WORK ITEM — Omit all pictures. Print the remaining lines exactly, from the start of the data through the line containing "37 Redwood Way Manchester NH 03102".
(Beginning of GIVEN INFORMATION)
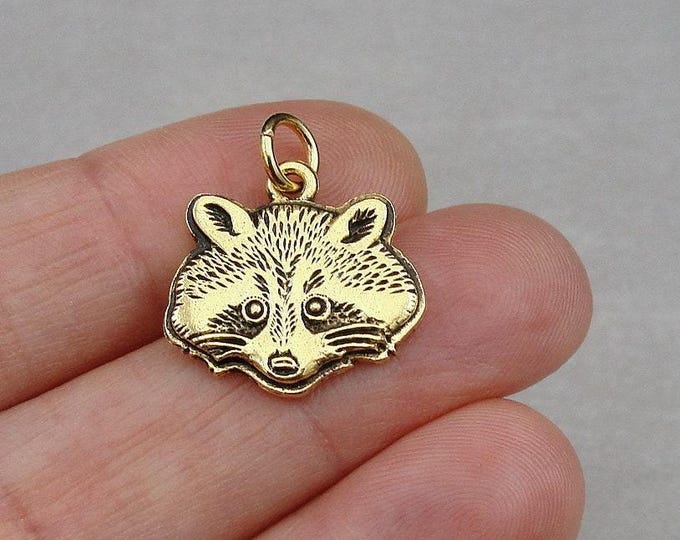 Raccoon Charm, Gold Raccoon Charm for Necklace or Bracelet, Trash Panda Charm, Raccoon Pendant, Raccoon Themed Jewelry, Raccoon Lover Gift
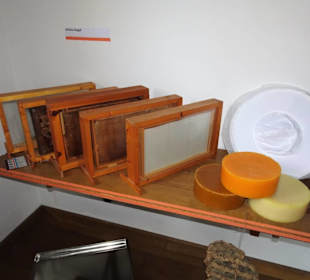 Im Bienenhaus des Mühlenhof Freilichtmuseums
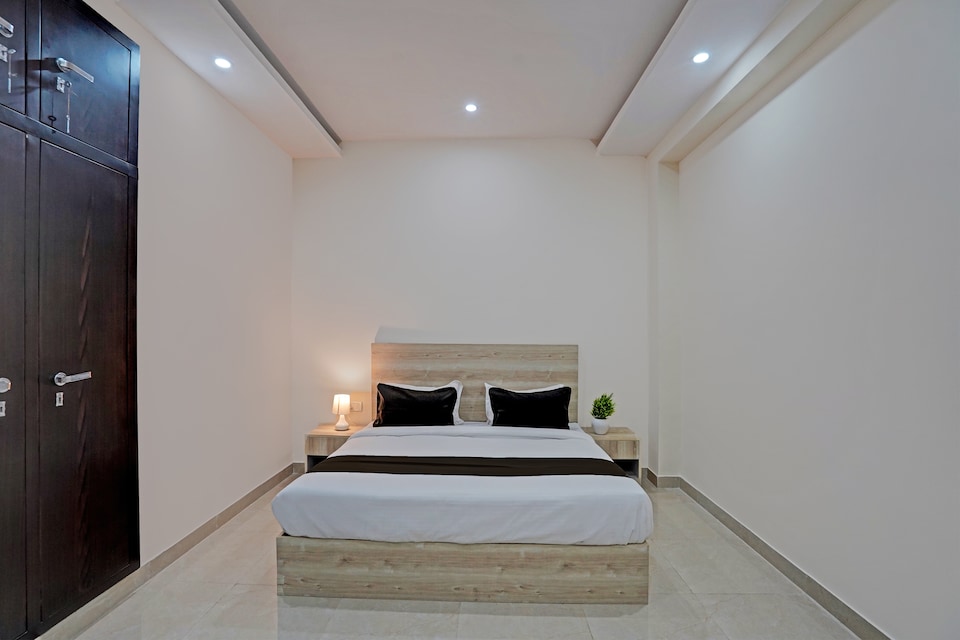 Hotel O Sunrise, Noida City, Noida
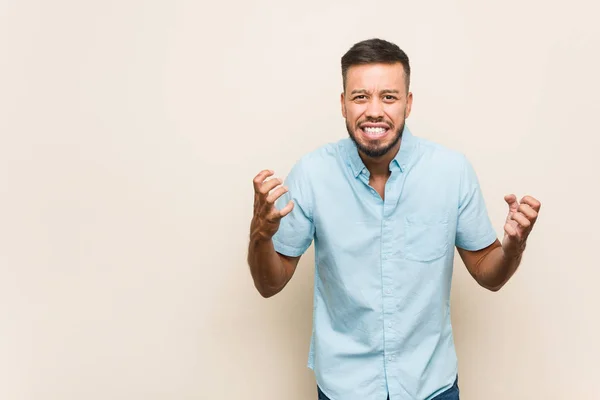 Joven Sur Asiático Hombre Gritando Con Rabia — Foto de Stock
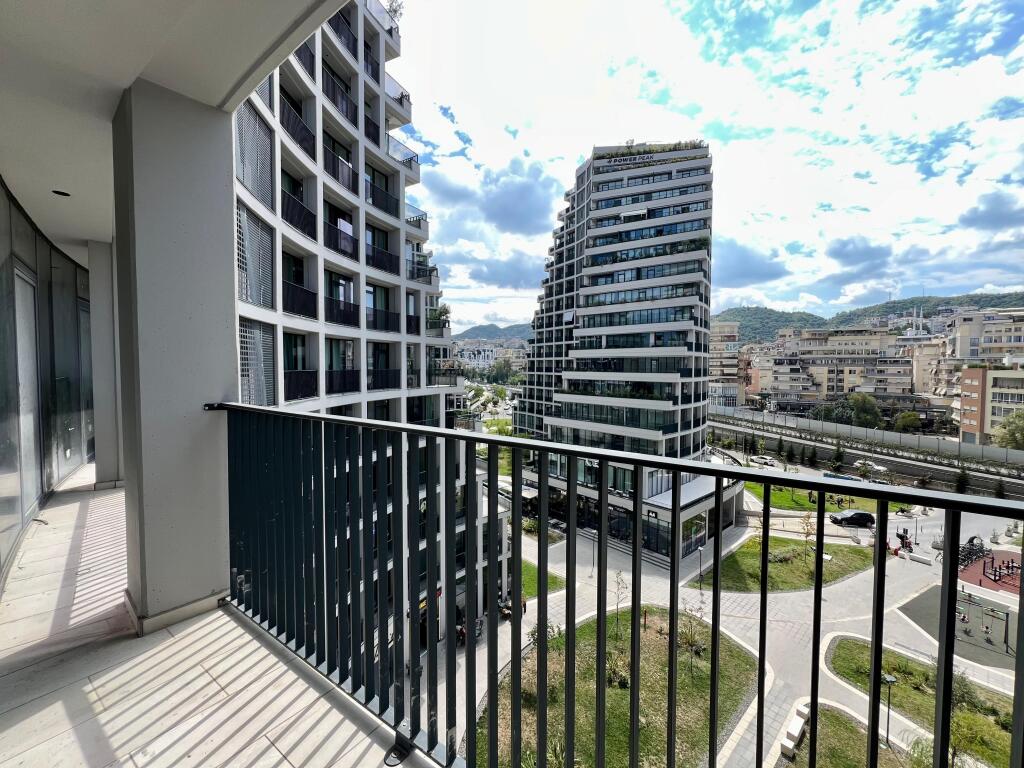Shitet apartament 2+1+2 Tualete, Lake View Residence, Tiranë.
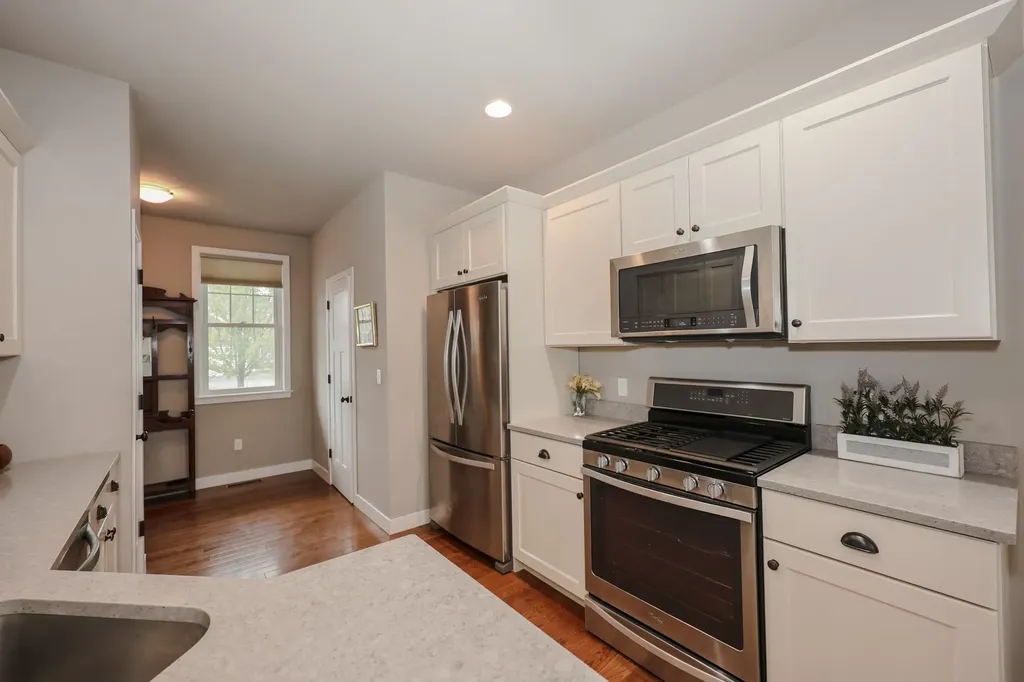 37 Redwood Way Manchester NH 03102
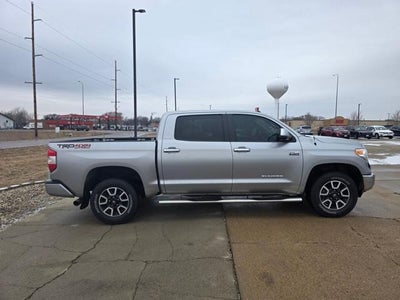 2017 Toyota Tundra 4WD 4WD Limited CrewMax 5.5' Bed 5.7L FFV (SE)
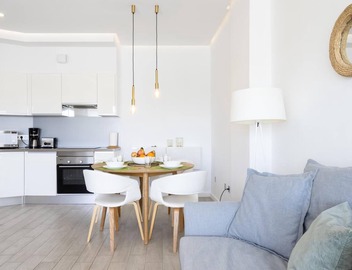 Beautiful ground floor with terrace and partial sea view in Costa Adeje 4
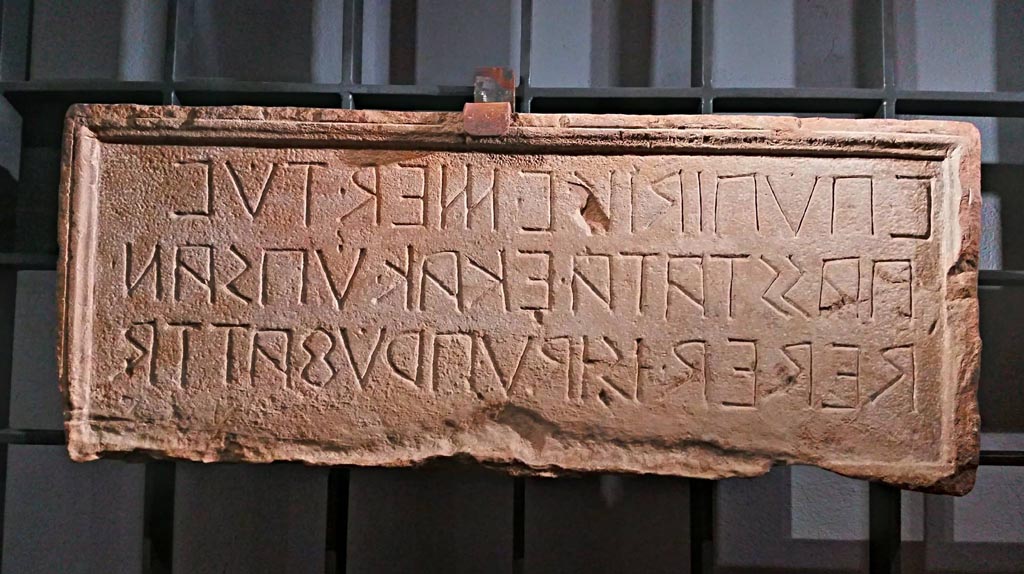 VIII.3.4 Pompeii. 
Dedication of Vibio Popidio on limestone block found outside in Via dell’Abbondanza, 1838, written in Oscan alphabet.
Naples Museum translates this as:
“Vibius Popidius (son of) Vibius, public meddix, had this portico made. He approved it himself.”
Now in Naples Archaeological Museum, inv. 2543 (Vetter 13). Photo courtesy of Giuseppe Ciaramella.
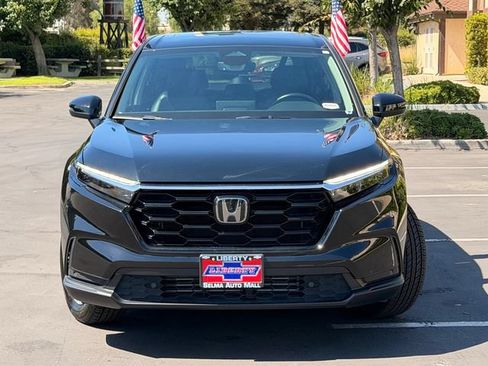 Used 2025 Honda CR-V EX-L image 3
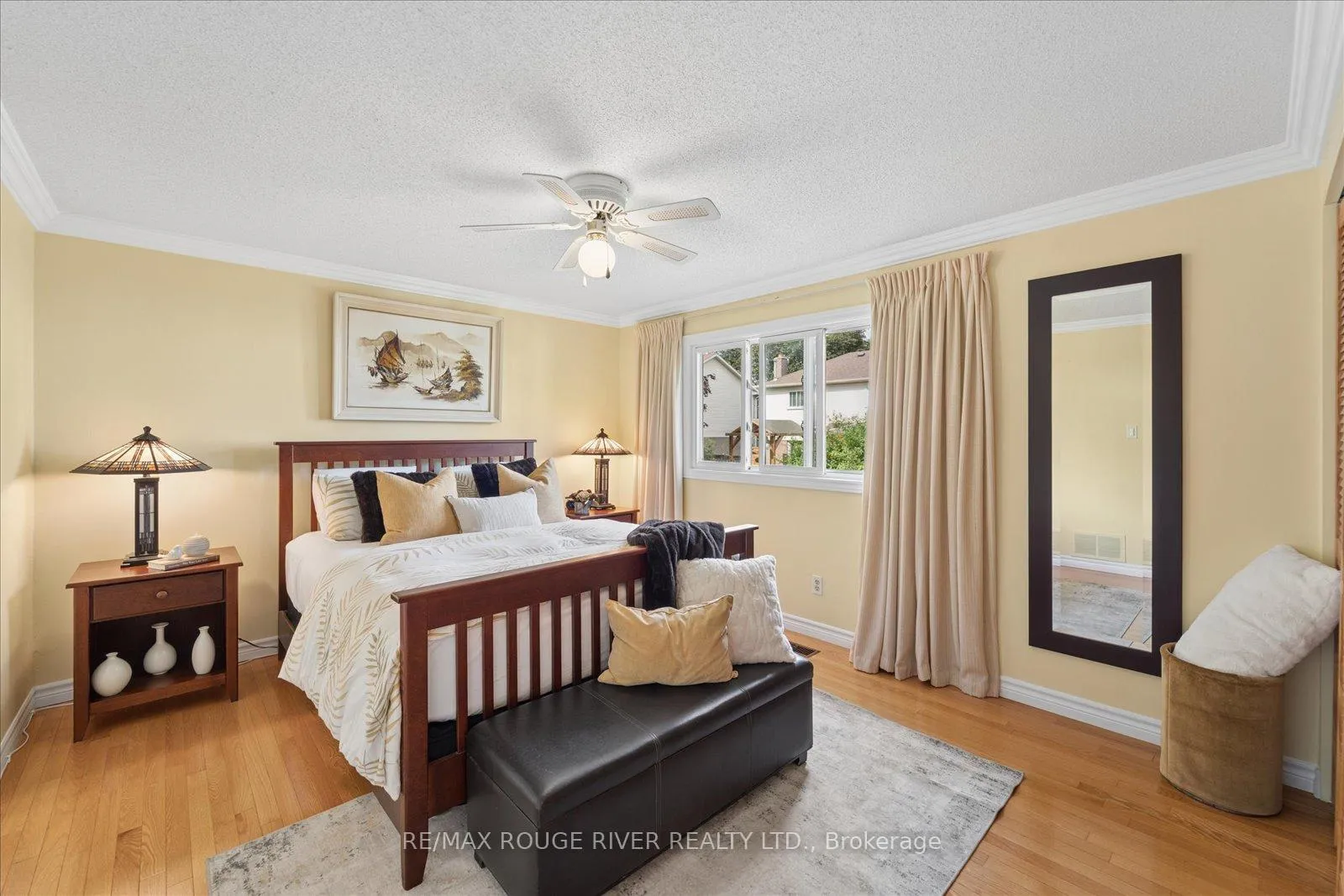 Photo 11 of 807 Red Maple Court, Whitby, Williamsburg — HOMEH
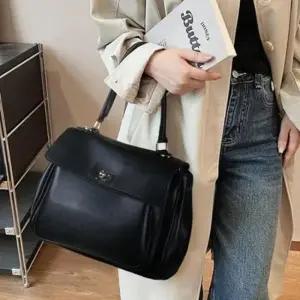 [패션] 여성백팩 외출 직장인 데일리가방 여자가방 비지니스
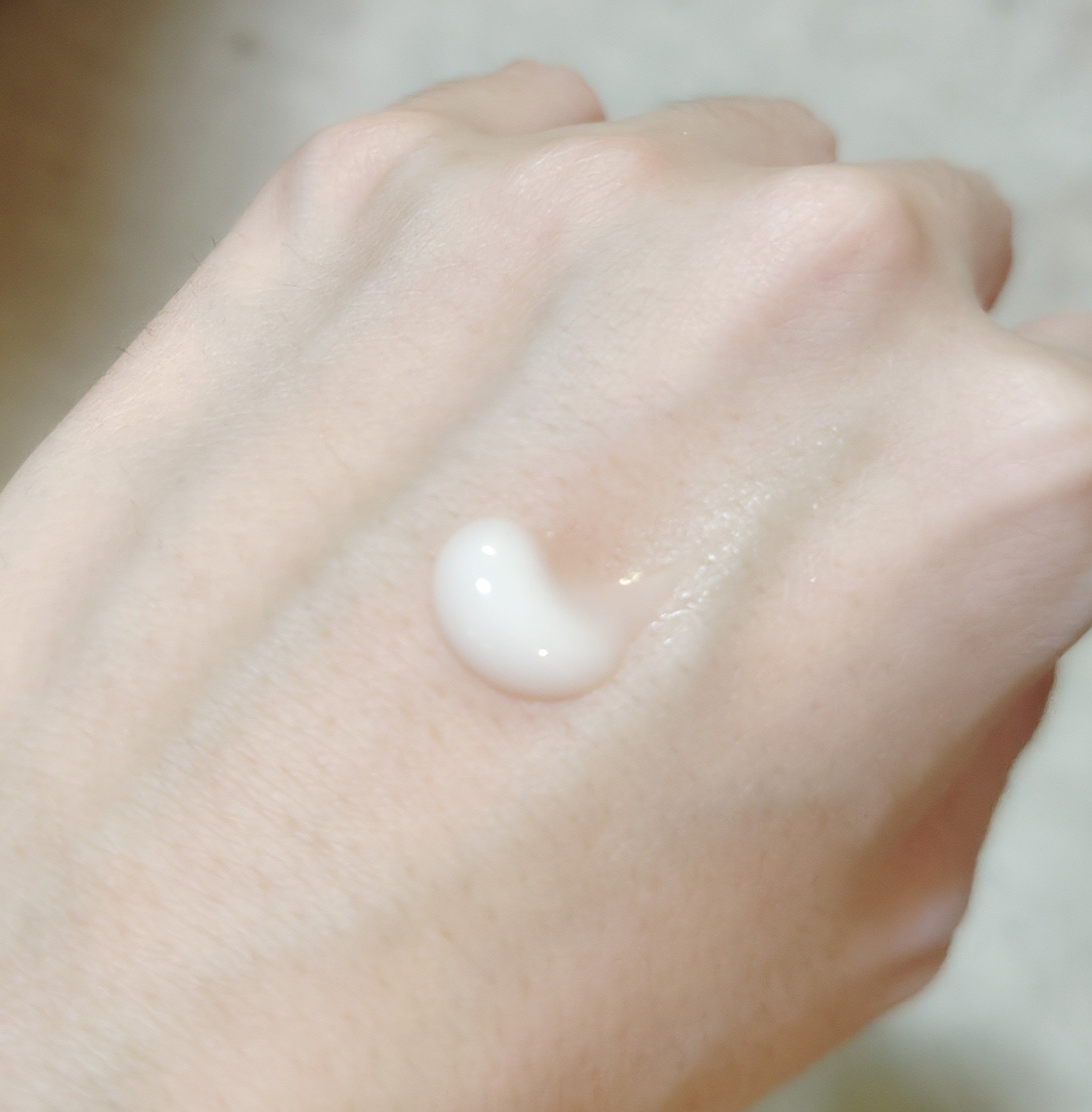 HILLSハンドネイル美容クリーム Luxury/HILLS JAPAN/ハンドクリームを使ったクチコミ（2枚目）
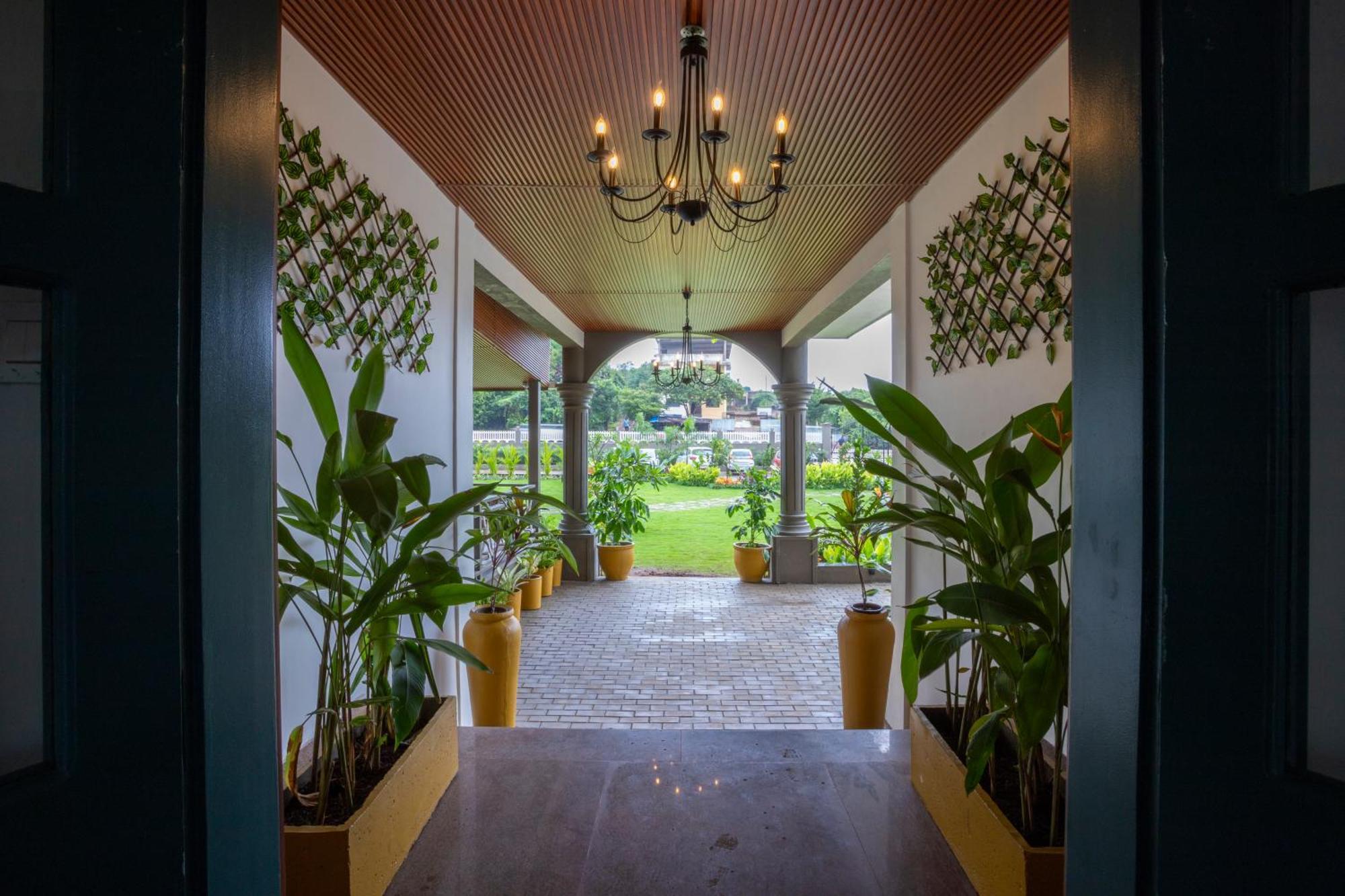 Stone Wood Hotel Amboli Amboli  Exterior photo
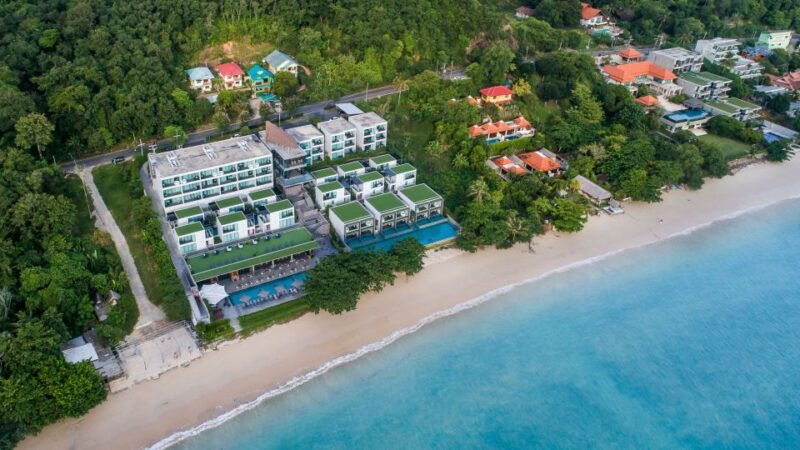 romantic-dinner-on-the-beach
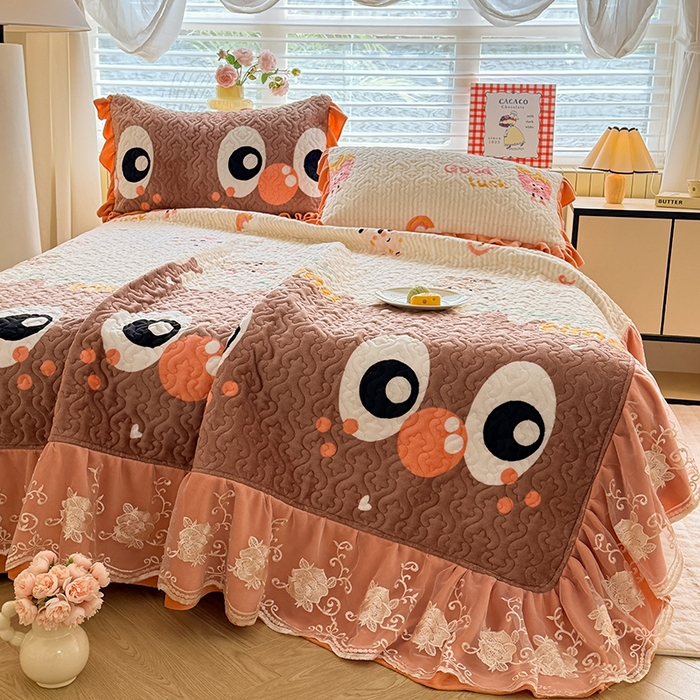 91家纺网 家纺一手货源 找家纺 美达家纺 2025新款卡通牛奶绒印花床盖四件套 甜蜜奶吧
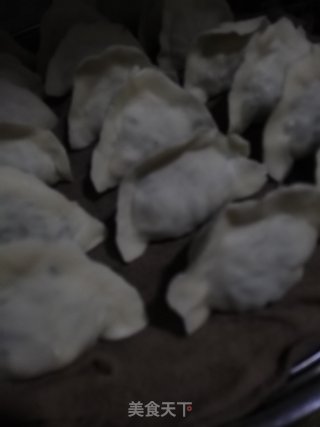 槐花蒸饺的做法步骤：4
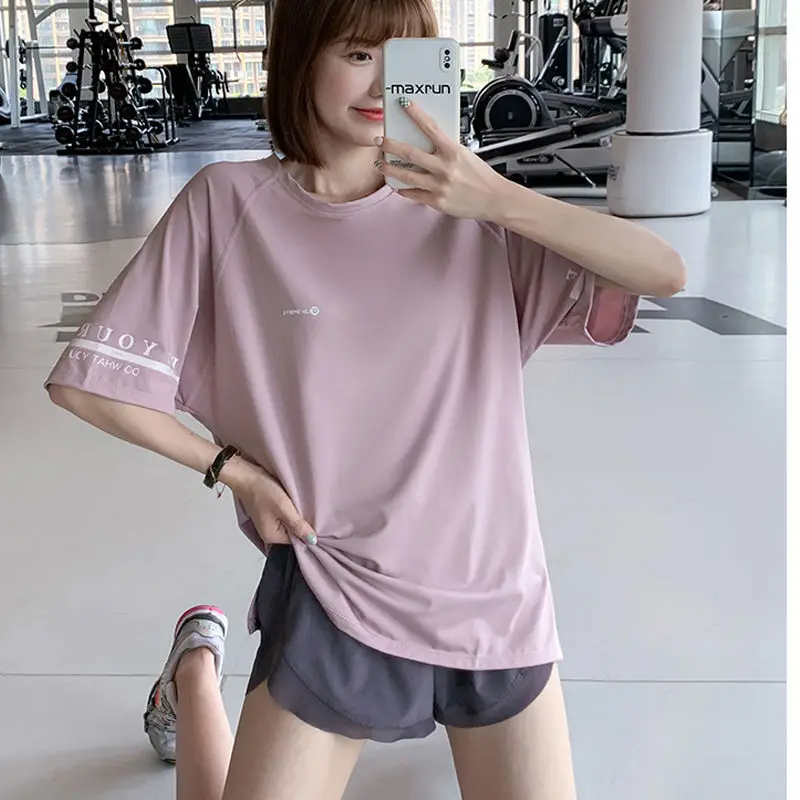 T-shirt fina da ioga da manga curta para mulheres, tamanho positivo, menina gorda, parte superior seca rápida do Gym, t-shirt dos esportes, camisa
(End of GIVEN INFORMATION)
ANSWER TO THIS EXERCISE —
 Raccoon Charm, Gold Raccoon Charm for Necklace or Bracelet, Trash Panda Charm, Raccoon Pendant, Raccoon Themed Jewelry, Raccoon Lover Gift
 Im Bienenhaus des Mühlenhof Freilichtmuseums
 Hotel O Sunrise, Noida City, Noida
 Joven Sur Asiático Hombre Gritando Con Rabia — Foto de Stock
Shitet apartament 2+1+2 Tualete, Lake View Residence, Tiranë.
 37 Redwood Way Manchester NH 03102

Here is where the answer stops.